Comparative cytotoxicity and pharmacokinetics of antimelanoma immunotoxins containing either natural or recombinant gelonin.

Immunotoxins are a class of targeted therapeutic agents under development by various research groups. The murine monoclonal antibody designated ZME-018 recognizes a high molecular weight glycoprotein present on most human melanoma cells and biopsy specimens and has been utilized for clinical imaging studies in patients with melanoma. The plant toxin gelonin is a ribosome-inactivating protein (RIP) with n-glycosidase activity similar to that of ricin A chain.
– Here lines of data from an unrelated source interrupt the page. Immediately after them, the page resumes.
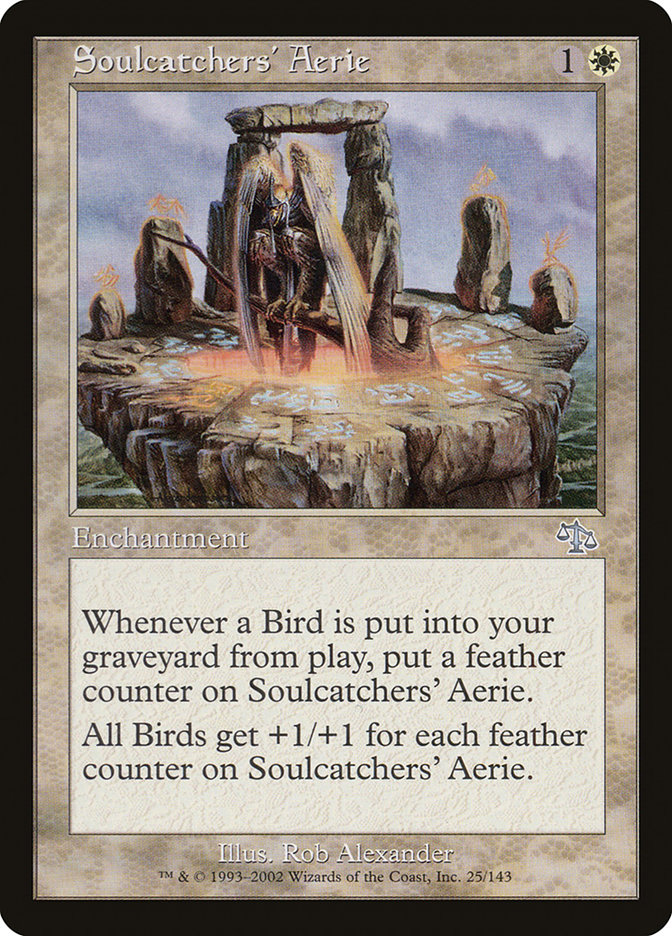 Kangee, Aerie Keeper | Invasion | Card Kingdom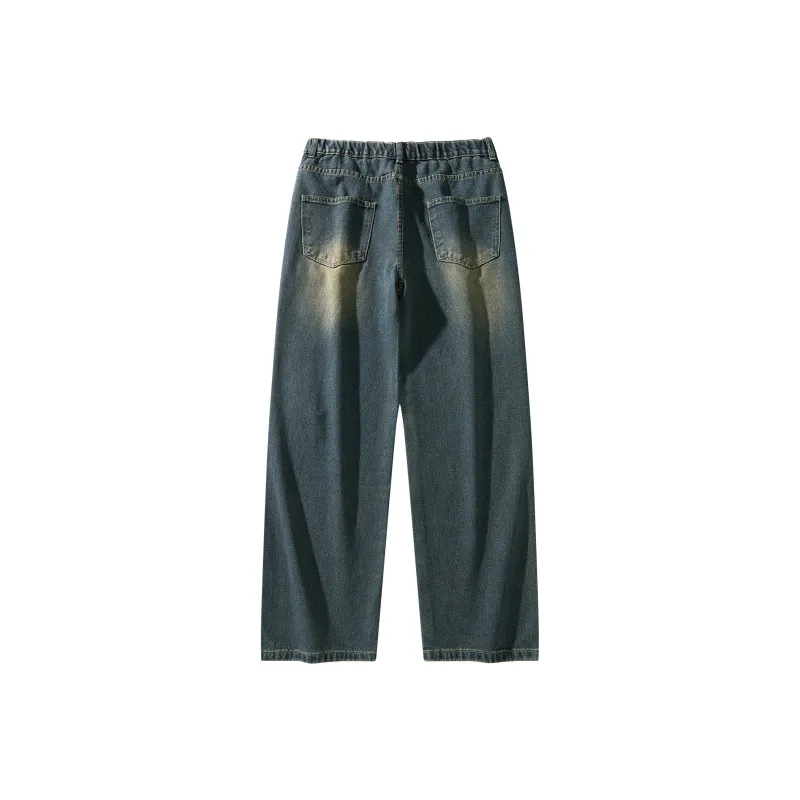 Bosieagender Jeans Unisex-16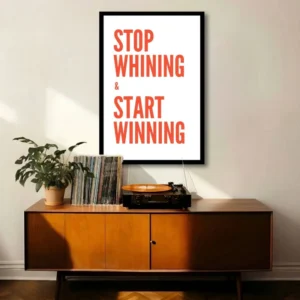 Victory Starts Today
In previous studies by our group, the gelonin toxin was sequenced, cloned and expressed in E. coli. The purified recombinant gelonin (RG) was found to have identical protein synthesis inhibitory activity to that of natural gelonin (NG). For comparative purposes, chemical conjugates of antibody ZME and either RG or NG were produced using the heterobifunctional crosslinking reagents SPDP and SMPT. The ZME-NG and ZME-RG immunotoxins were found to be 10(4)- to 10(5)-fold more cytotoxic to antigen-positive human melanoma cells than free toxin. NG toxin alone was cytotoxic to intact cells (IC(50) = 100 nM) while RG was nontoxic to cells at doses up to 1 microM. Both ZME-NG and ZME-RG immunoconjugates were nontoxic to antigen-negative (Me-180) cells. ZME-RG immunotoxins constructed with the more stable SMPT reagent were slightly more effective in culture than conjugates made with SPDP. Tissue distribution studies in tumor-bearing nude mice demonstrated that tumor uptake of the ZME-RG immunotoxin was similar to that of the intact ZME antibody with reduced distribution to normal organs compared to an immunoconjugate produced with NG. Pharmacokinetic studies showed that the terminal-phase plasma half-life of ZME-RG was similar to that of ZME itself (42 h vs 50 h) and almost threefold higher than that of ZME-NG (11.5 h). The area under the concentration curve (Cxt) for ZME-RG was 50% lower than that for ZME due to an increased apparent volume of distribution (Vd(a)) but was almost tenfold higher than the Cxt for ZME-NG. These studies suggest that immunoconjugates comprising RG demonstrate identical in vitro cytotoxic effects to immunoconjugates produced with NG and immunotoxins with RG display improved in vivo pharmacodynamics and tissue distribution compared to immunotoxins containing NG.